Wir legten auf, ich klickte auf „Buchen“, umgehend ging die Bestätigung ein. Über die Homepage der Fluggesellschaft checkte ich ein, der Boardingpass mit dem QR-Code landete per E-Mail auf meinem Smartphone. Ich packte ein paar Sachen und schaute nebenbei auf den Abfahrtsplan der Frisia-Reederei. Die Fähre ging um fünf, Antje und ich würden uns verpassen – leider anders als geplant. Kein Sonnenuntergang auf der Promenade, kein gemeinsamer Spaziergang. Schade. Ich nahm meine Tasche und spazierte zum Anleger. Auf dem Weg rief ich Antje an und hielt sie auf dem Laufenden.

Sie war alles andere als begeistert. „Und du glaubst, wir sehen uns in diesem Leben noch mal wieder?“

„Ja, später“, antwortete ich.

„Später ist auf der Walz. Du weißt nie, wann es bei dir einkehrt.“

„Ich rechne mit übermorgen“, prognostizierte ich.

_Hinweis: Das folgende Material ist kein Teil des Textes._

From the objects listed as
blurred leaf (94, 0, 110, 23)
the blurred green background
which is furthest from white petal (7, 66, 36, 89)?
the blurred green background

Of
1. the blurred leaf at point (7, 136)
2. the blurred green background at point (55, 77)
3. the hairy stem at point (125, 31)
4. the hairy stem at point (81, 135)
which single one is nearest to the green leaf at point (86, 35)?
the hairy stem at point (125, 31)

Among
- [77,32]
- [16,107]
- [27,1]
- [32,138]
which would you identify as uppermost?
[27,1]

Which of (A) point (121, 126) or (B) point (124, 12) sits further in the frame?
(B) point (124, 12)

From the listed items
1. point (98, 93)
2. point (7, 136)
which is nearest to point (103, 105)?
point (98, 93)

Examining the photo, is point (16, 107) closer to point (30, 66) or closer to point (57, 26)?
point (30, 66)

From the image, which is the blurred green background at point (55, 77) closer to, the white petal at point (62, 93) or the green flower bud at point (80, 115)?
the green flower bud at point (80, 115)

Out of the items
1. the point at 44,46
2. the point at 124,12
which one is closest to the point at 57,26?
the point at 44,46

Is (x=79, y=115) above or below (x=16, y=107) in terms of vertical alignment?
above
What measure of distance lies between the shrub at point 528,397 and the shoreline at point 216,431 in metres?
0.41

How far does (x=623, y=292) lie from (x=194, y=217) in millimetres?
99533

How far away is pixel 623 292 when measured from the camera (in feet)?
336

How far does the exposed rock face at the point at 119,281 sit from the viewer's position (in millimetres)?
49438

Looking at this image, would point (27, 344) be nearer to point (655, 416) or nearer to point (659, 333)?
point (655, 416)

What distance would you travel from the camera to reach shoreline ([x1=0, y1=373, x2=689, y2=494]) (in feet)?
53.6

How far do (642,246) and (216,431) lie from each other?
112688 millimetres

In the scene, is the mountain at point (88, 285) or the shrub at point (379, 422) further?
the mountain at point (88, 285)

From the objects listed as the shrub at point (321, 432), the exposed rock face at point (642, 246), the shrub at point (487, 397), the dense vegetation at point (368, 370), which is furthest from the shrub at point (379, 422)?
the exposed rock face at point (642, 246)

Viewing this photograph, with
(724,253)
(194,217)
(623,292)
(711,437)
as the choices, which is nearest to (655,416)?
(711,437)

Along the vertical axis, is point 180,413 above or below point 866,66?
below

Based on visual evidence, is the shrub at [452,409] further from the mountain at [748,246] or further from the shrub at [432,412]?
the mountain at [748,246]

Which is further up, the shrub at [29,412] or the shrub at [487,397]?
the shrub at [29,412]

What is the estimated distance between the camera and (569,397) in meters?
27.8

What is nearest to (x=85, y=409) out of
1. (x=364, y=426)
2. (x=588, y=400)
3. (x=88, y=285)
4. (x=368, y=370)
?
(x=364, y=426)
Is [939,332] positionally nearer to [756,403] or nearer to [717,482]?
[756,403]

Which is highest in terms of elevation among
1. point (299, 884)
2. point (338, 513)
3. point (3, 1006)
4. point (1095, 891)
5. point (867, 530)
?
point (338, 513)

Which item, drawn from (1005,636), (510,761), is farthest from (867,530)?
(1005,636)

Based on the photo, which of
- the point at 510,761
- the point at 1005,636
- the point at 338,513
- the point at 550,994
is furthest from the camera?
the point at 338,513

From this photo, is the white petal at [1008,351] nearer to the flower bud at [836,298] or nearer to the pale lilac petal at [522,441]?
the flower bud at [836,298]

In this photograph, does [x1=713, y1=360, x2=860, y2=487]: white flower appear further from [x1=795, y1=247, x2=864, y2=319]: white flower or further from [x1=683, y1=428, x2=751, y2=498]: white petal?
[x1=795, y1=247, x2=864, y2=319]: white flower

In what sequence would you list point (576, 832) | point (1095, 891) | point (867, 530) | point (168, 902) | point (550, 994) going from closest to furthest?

„Ich nehme dich beim Wort.“

„Dann machen wir einen Champagner auf“, schlug ich vor.

Antje lachte und fragte: „Aldi oder Brut?“

„Cuvée Brut 2002 liegt in deinem Kühlschrank bereit.“

Ihre Stimme bekam einen feierlichen Ton: „Oh, charmant, Herr Gerdes.“ Sie lachte wieder. „Hab einen guten Flug, mein Lieber. Bis dann!“

„Danke. Der Schlüssel liegt übrigens unter der Mülltonne.“

„Prima. Ich hoffe, es ist der Schlüssel zum Glück.“

Wir beendeten das Gespräch. Auf See kreuzten sich unsere Fähren. Als wir aneinander vorbeifuhren, winkten wir uns zu. Ein Bild des Schicksals? Wir fuhren so oft im Leben aneinander vorbei – für mehr hatte es nicht gereicht ...

An Land startete ich den Volvo und brauste davon. Ich schaffte es rechtzeitig nach Hamburg-Fuhlsbüttel und erreichte meinen Flieger.